§ **INPUT DATA**
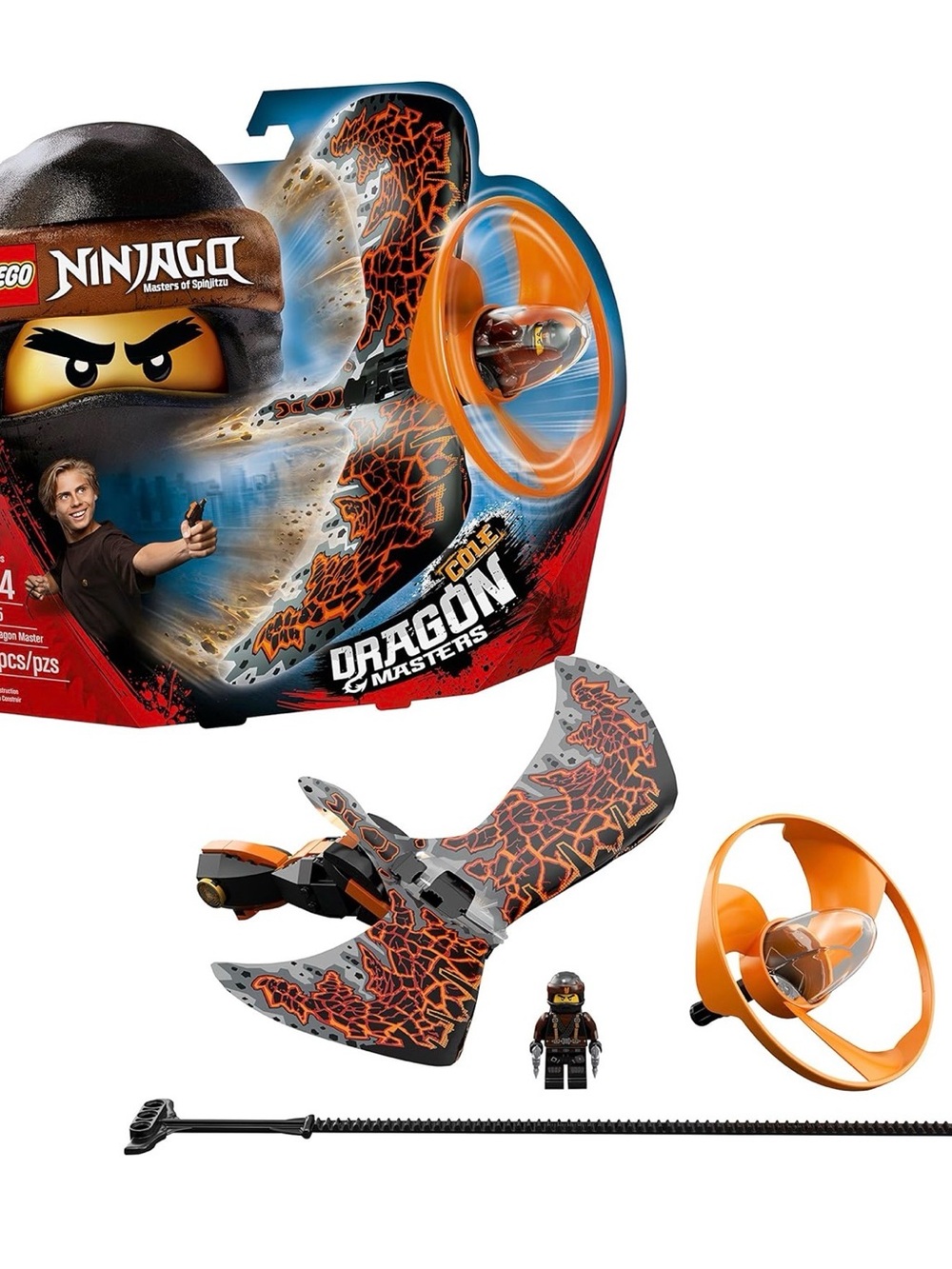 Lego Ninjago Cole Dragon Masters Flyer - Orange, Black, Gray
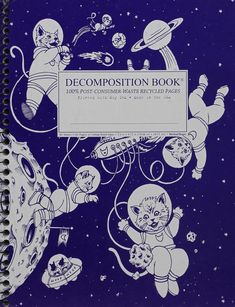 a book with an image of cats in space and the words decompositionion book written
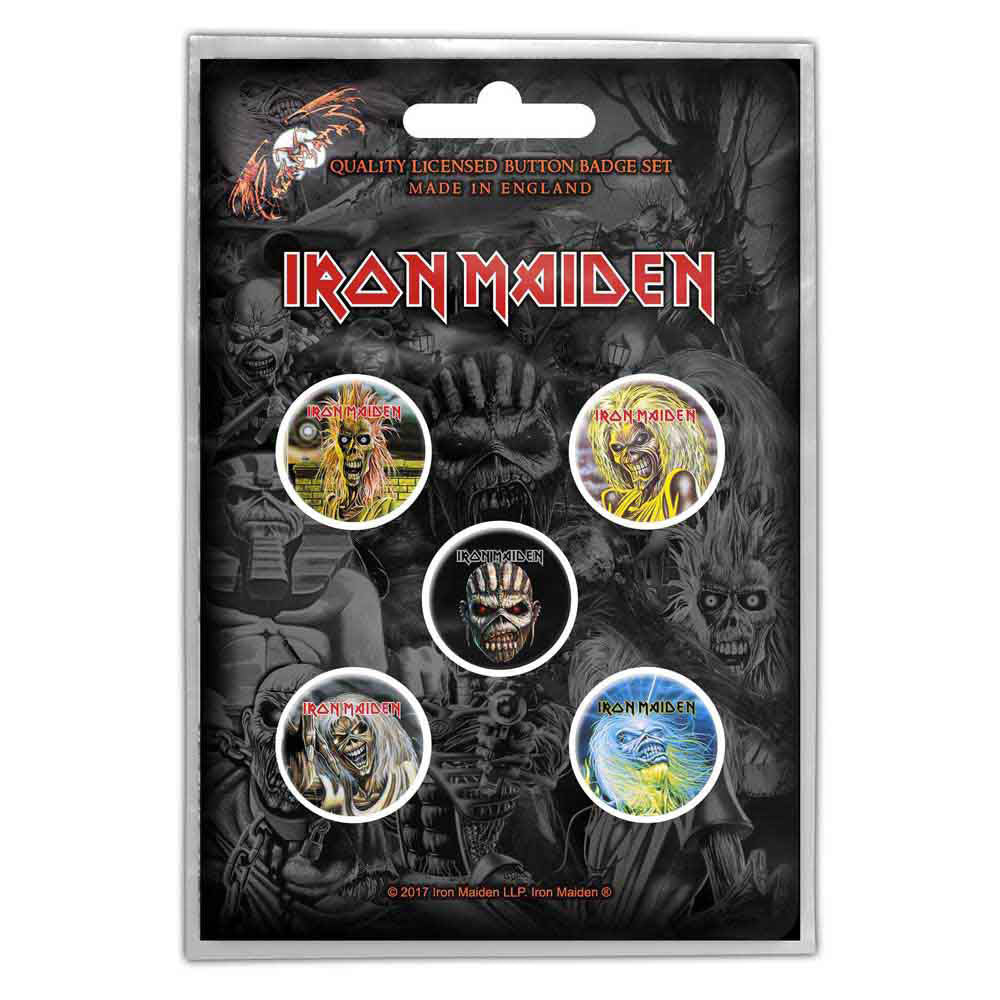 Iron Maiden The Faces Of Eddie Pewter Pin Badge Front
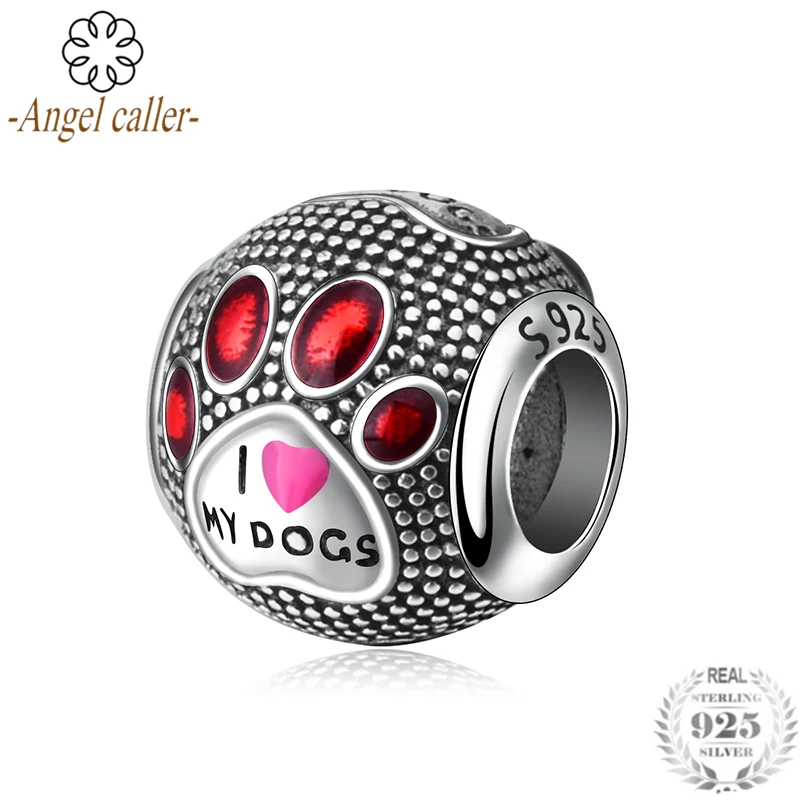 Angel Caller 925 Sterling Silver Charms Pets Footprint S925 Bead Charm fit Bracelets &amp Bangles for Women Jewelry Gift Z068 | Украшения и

§ **WORK INSTRUCTION**
In the copy, include no pictures; restate the listing above exactly.

§ **ANSWER TO THE EXERCISE**
 Lego Ninjago Cole Dragon Masters Flyer - Orange, Black, Gray
 a book with an image of cats in space and the words decompositionion book written
 Iron Maiden The Faces Of Eddie Pewter Pin Badge Front
 Angel Caller 925 Sterling Silver Charms Pets Footprint S925 Bead Charm fit Bracelets &amp Bangles for Women Jewelry Gift Z068 | Украшения и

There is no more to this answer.